Paleovirology: Ghosts and Gifts of Ancient Viruses

November 13, 2019
Harmit Malik, Principal Investigator, Fred Hutchinson Cancer Research Center

Human genomes are ancient battlegrounds of arms races waged between viruses and their hosts for millions of years. Just as historians reconstruct battlefields to better understand historical battles, evolutionary biologists and virologists can reconstruct how ancient viruses affected their hosts by analyzing their “fossil” remains in our genomes. Paleovirology is the study of such extinct viruses. Harmit Malik will discuss what the study of these viruses can tell us about old and new viral infections, the role they have played in shaping human biology, and the insights they can provide for combating pathogenic viruses today.

About the Speaker

Harmit S. Malik studies genetic conflicts that take place between different genomes (e.g., host-virus interactions, mitochondrial conflicts with nuclear genomes) or between components of the same genome (e.g., chromosomal competition at centromeric regions). He is interested in understanding these “molecular arms races” and how they drive recurrent genetic innovation, from the perspective of both evolutionary biology and human disease. A deeper understanding of this phenomenon could have implications for human health, such as providing insights that lead to improved anti-viral drugs. Malik pioneered the study of “evolutionary echoes,” the traces of long-ago viral infections that left their mark on the host immune proteins that combat viruses. Using these echoes, Malik was able to infer the evolutionary influences of ancient, extinct viruses on the immune proteins of primates.
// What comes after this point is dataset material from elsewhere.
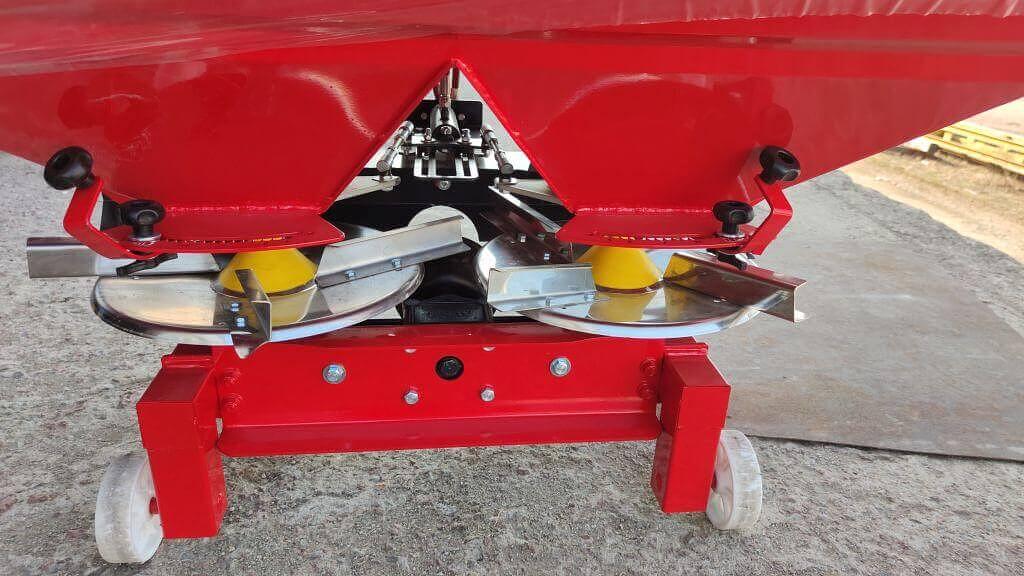 Разбрасыватель навесной AXN С-1000, раб ширина 18-24 м AXANO фото 2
This work has helped pioneer the field of paleovirology. A significant research area in the Malik lab is the study of rapid evolution in genes involved in essential cellular processes, such as chromosome segregation and mitochondrial biology. His lab has shown that rapid evolution of centromeric DNA and proteins that are recruited to centromeres can lead to reproductive isolation — the inability to successfully produce offspring — between emerging species and result in defective cell division.

In 2009, Malik was awarded the prestigious Howard Hughes Medical Institute (HHMI) Early Career Scientist award, and he was named an HHMI Investigator in 2013. In 2017, he received the Eli Lilly Prize in Microbiology, the most prestigious prize awarded by the American Society of Microbiology, and in 2019 he was elected to the US National Academy of Sciences. Malik received his BTech in Chemical Engineering from the Indian Institute of Technology, Mumbai, India, and his Ph.D in Biology, at the University of Rochester, NY.